* What to work on *
In the records below, find the line containing "Brown IKINITA Moon" and the line containing "Caucasian businessman riding". Give again exactly those lines and every line between them, omitting the pictures.

* Records provided *
+-------+
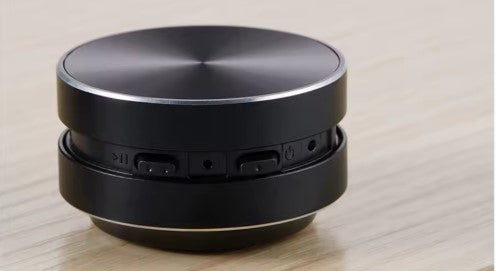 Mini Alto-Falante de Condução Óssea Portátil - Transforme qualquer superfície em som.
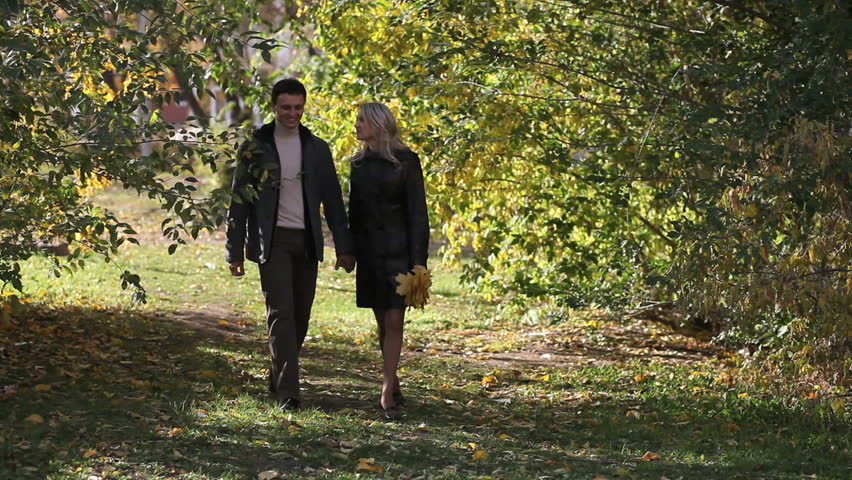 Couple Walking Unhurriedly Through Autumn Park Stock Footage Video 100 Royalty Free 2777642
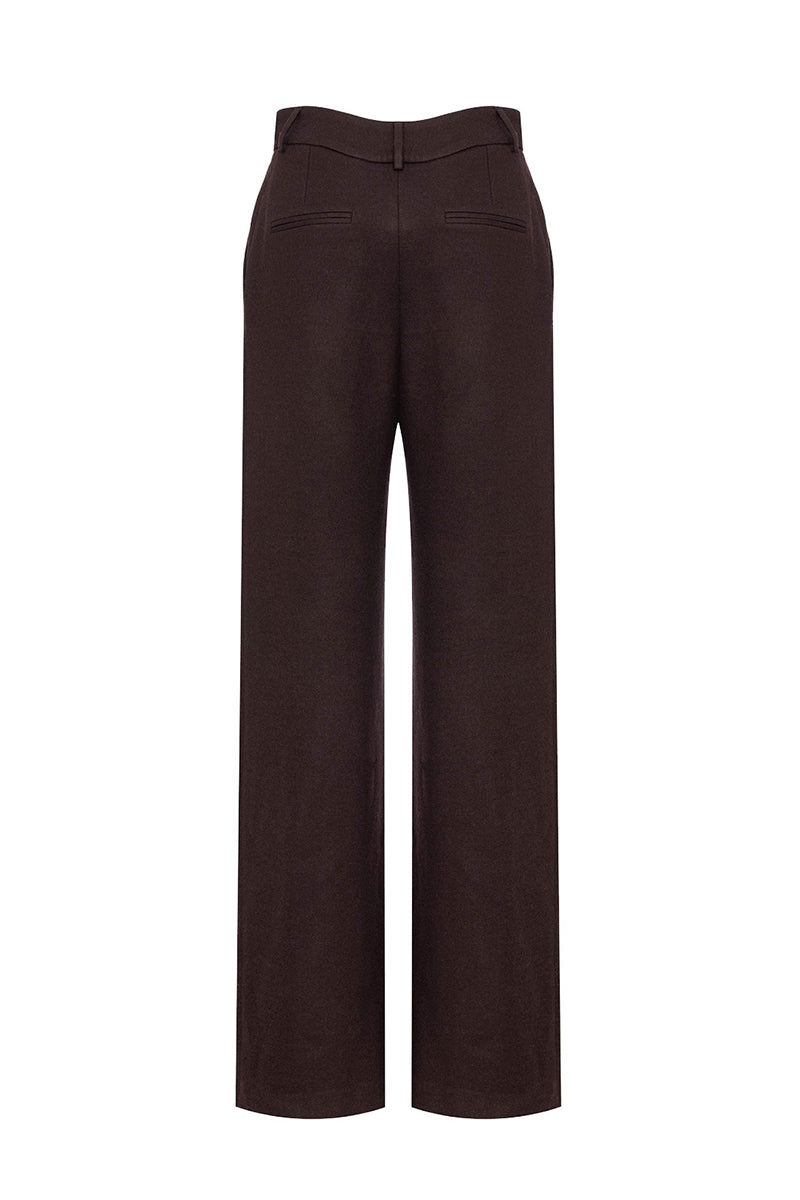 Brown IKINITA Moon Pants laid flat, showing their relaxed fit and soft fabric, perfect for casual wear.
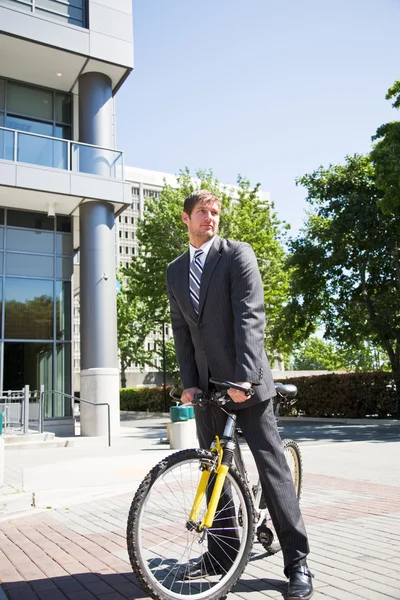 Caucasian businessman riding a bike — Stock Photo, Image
+-------+
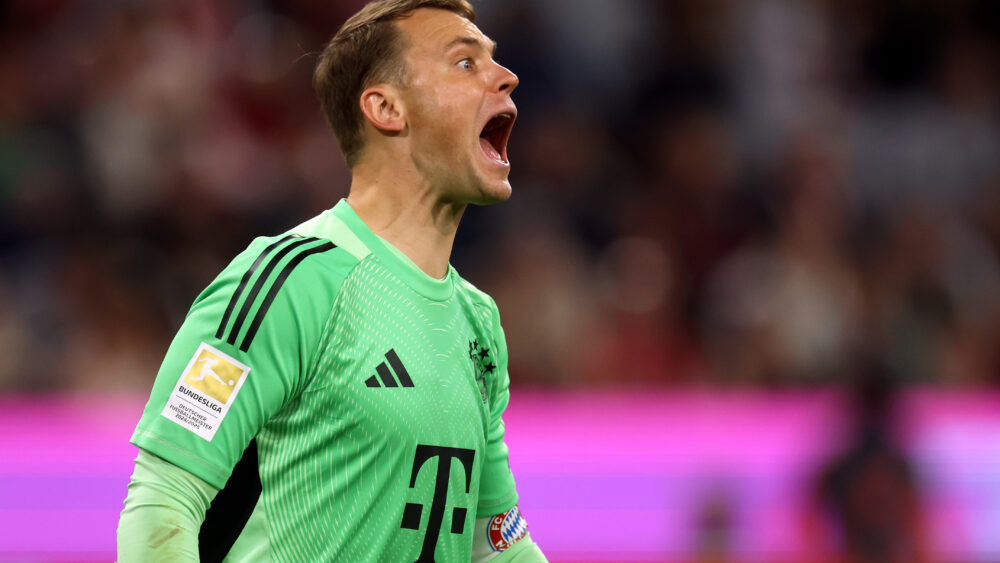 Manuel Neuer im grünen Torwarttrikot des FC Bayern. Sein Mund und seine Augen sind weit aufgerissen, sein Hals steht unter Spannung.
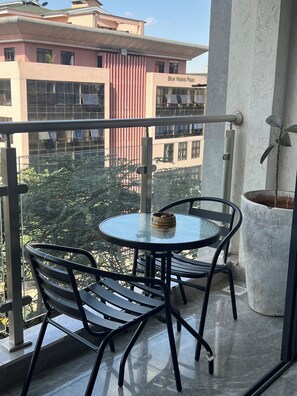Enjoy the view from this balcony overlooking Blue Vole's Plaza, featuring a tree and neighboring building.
+-------+
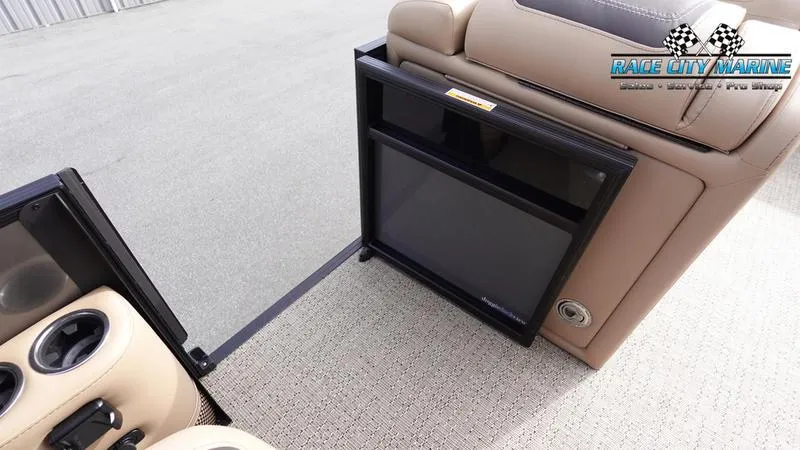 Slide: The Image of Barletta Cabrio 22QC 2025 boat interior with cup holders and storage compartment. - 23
+-------+
* Task output *
 Brown IKINITA Moon Pants laid flat, showing their relaxed fit and soft fabric, perfect for casual wear.
 Caucasian businessman riding a bike — Stock Photo, Image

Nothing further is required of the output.